## PROBLEM DETAILS
Repeat the lines from the one containing "HyperX Alloy Origins" through the end of the listing exactly, both ends included. Do not carry over any pictures.
MATERIAL SHOWN Start Marker
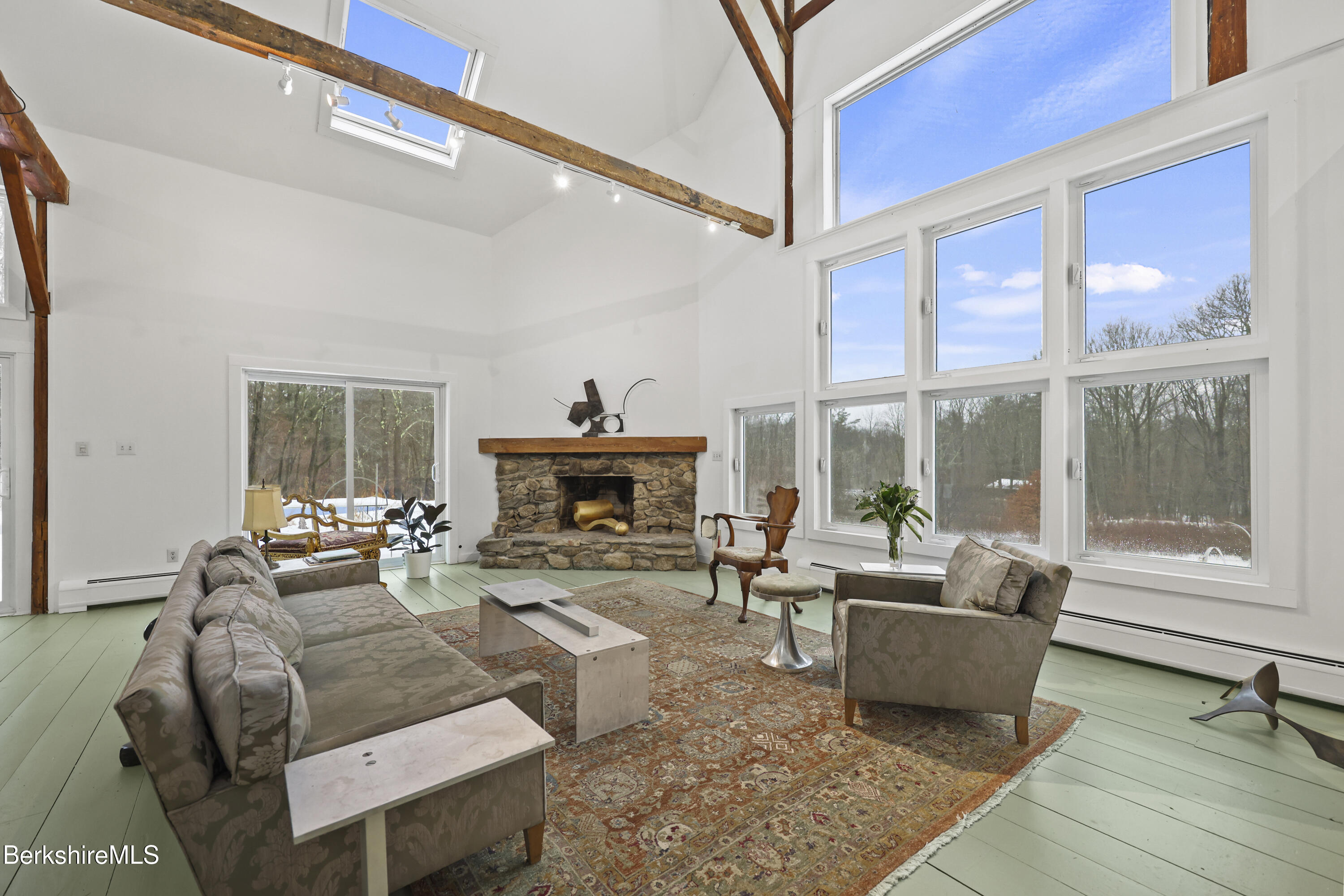 161 Otis Road Becket, MA 01223 - Photo 12 of 58 Living Room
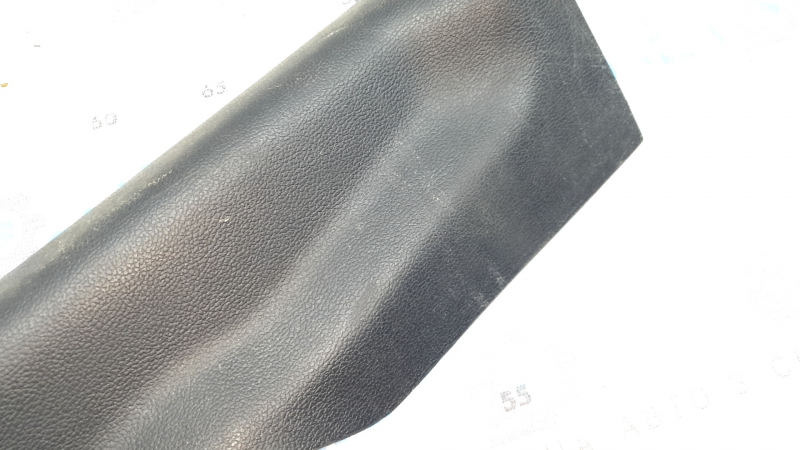 Ford Mustang mk6 15-23 black inner left door sill trim, scratches, broken mount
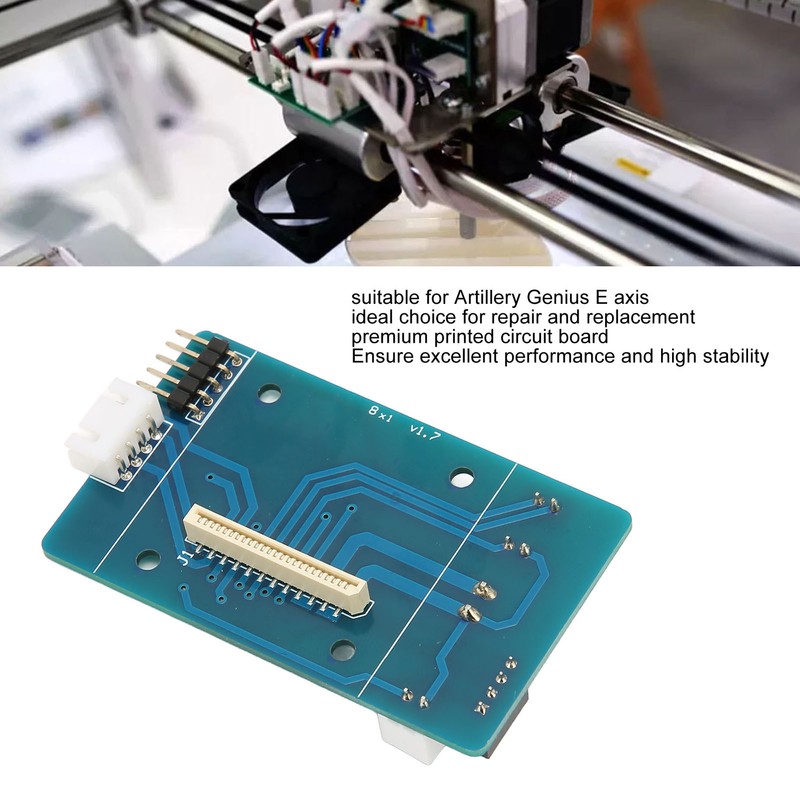 Transfer Extruder Board 24pin Stable Durable Material Easy Installation E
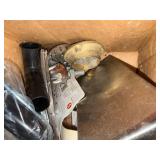 GARBAGE DISPOSAL DRIANS, P TRAPS, EXPANDING PEX ENDS, PIPE CUTTERS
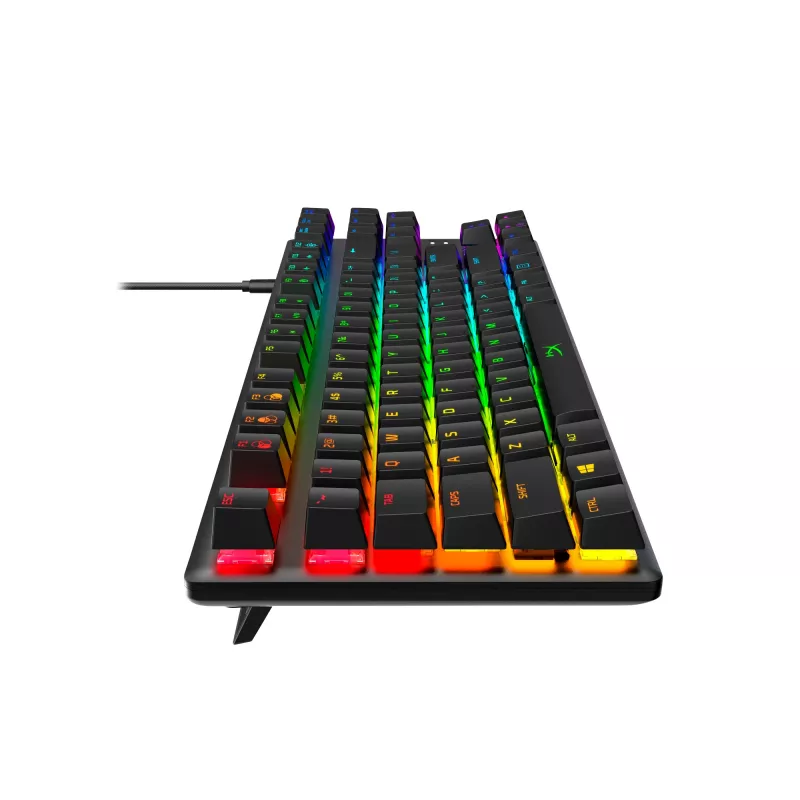 HyperX Alloy Origins Core – mechanisch gaming-toetsenbord – HX Blue (US-layout)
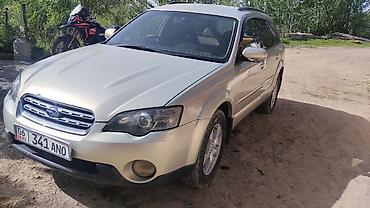 lexus жх 470: Subaru Outback: 2004 г., 3 л, Автомат, Бензин, Универсал — 2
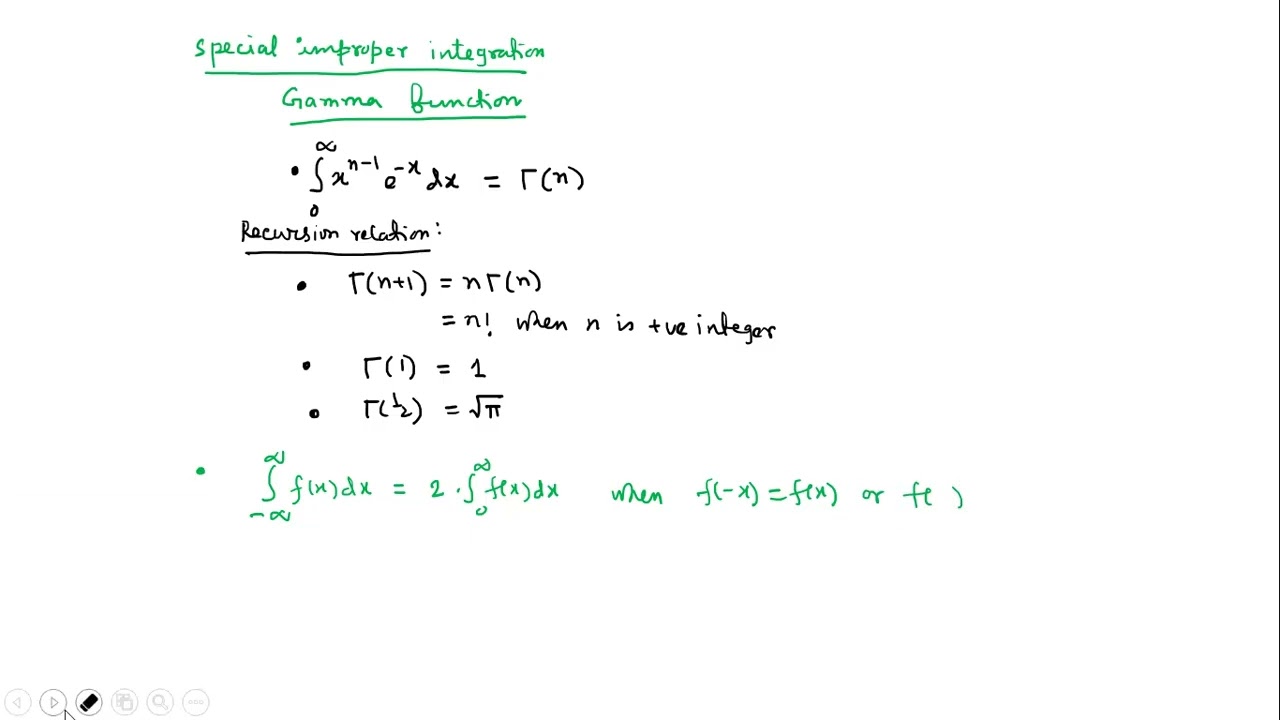 Mathematics for Physical Chemistry: Lecture 2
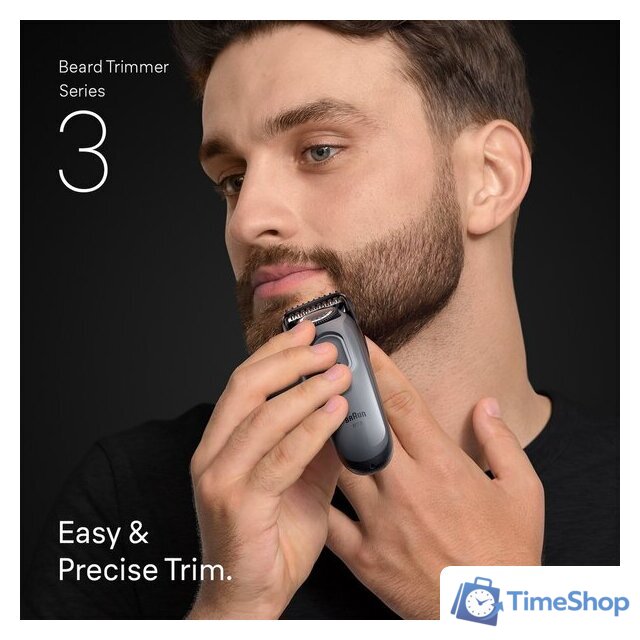 Триммер для бороды и усов Braun BT3560 - Изображение №2 — Интернет-магазин Time-Shop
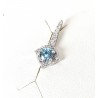 Orecchini Donna Lotus Silver LP3958-4/2 In Argento Con Zircone Celeste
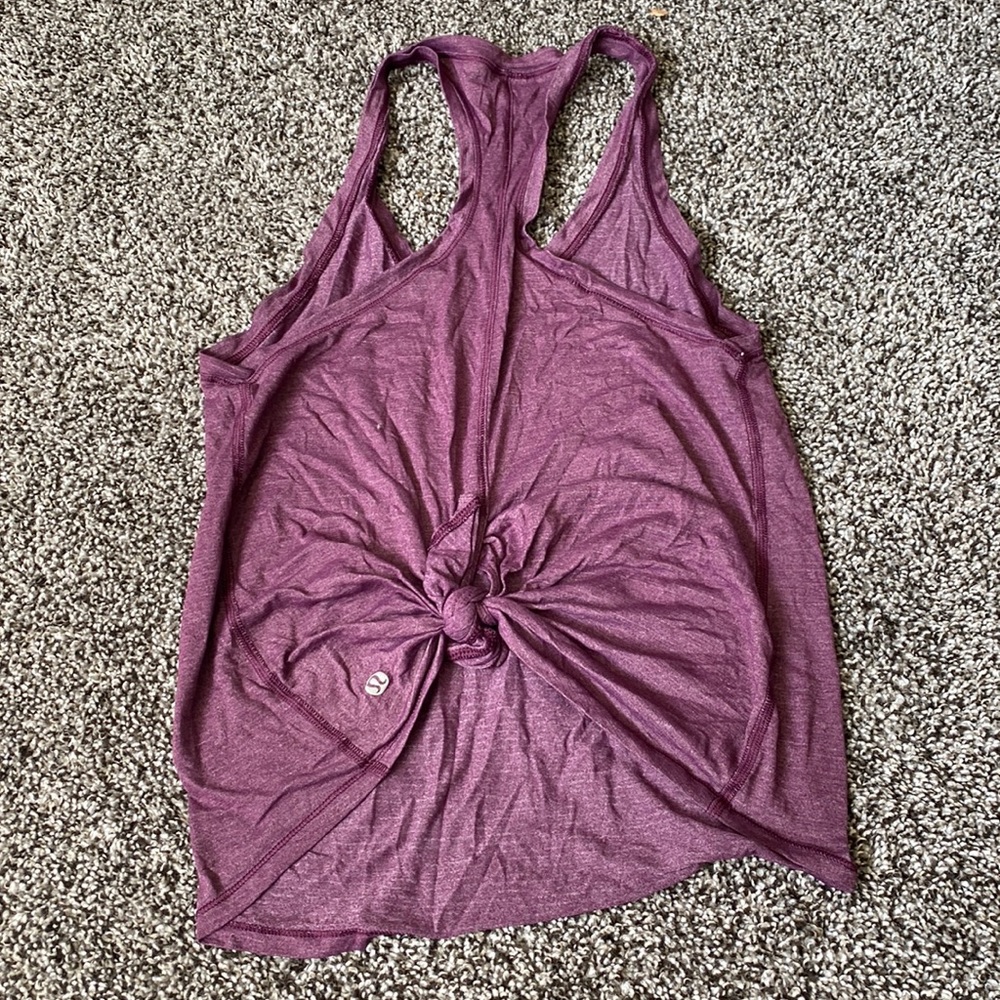 Lululemon Razor Back Tank - Picture 2 of 2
MATERIAL SHOWN End Marker
## SOLUTION TO THE EXERCISE
 HyperX Alloy Origins Core – mechanisch gaming-toetsenbord – HX Blue (US-layout)
 lexus жх 470: Subaru Outback: 2004 г., 3 л, Автомат, Бензин, Универсал — 2
 Mathematics for Physical Chemistry: Lecture 2
 Триммер для бороды и усов Braun BT3560 - Изображение №2 — Интернет-магазин Time-Shop
 Orecchini Donna Lotus Silver LP3958-4/2 In Argento Con Zircone Celeste
 Lululemon Razor Back Tank - Picture 2 of 2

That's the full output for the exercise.